◆ WORK TASK
Exact copy, no pictures: every line from the one that contains "Un poquito de" through the end of the data below, and nothing else.

◆ DATA EXTRACT
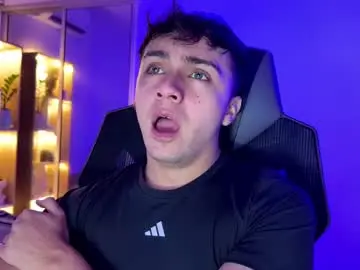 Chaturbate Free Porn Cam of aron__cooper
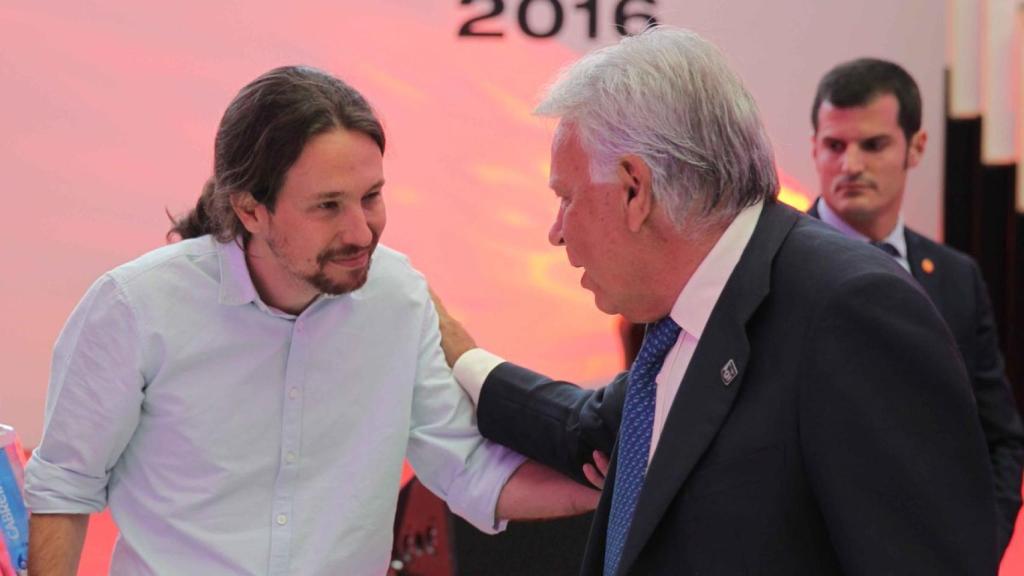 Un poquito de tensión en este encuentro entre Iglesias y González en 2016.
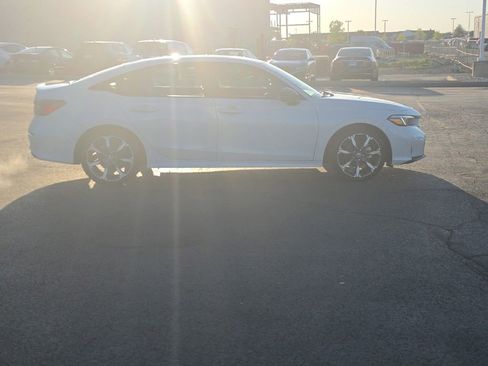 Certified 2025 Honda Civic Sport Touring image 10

◆ WRITTEN ANSWER
 Un poquito de tensión en este encuentro entre Iglesias y González en 2016.
 Certified 2025 Honda Civic Sport Touring image 10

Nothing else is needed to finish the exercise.